In S’ka Motho (Just Like Man), Mashile made use of painting and drawing as a means to interrogate the spaces of our consciousness that house our fears and hidden hopes. Working in watercolours, gouache, charcoal, ink and bleach, he brings to life the creatures that inhabit the recesses of his mind and life. In his studio, Mashile, working with a sense of immediacy, fully engages himself in the process of calling forth his imagination in order to realise the subjects that are part of a long history of experiences and profound stories. The mysterious figures operate in way not dissimilar to the Jungian processes of accessing the veil between what is felt, what is seen, and what is known.
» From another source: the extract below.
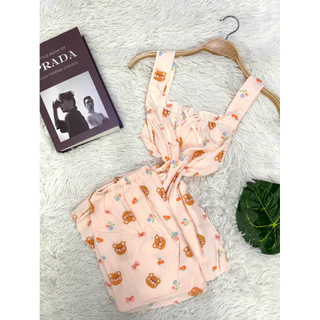 พร้อมส่ง!! ชุดนอนผ้าไหมญี่ปุ่นขาสั้น ผ้านิ่มเย็นสบาย ฟรีไซด์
Jung himself stated that “until you make the unconscious conscious, it will direct your life and you will call it fate” and it is this very act that Mashile engages in. The need to take into account the very things that occupy our minds in our daily lives, are treated almost as if they were folklore by Mashile.
The use of folklore permeates many aspects of African consciousness. Folklore in many discourses of African heritage and identity serves as cautionary, admonishing of errant behaviour, or in a didactic manner, as a means by which a sense of morality is established. Mashile’s representations respond directly to this, but at the same time, shift the reading of his folkloric concerns to a contemporary and discursive forum – a forum that relies on individual interpretation. Mashile is in many ways challenging the static nature of this understanding of folklore. Through reconfiguring the role of the individual, the subject of folklore becomes a means whereby he can extend old readings of right and wrong, of fear and of history. Determined to not allow his subconscious to become part of his fate, he accesses a visual vocabulary steeped in the mythical – more so the contemporary myth.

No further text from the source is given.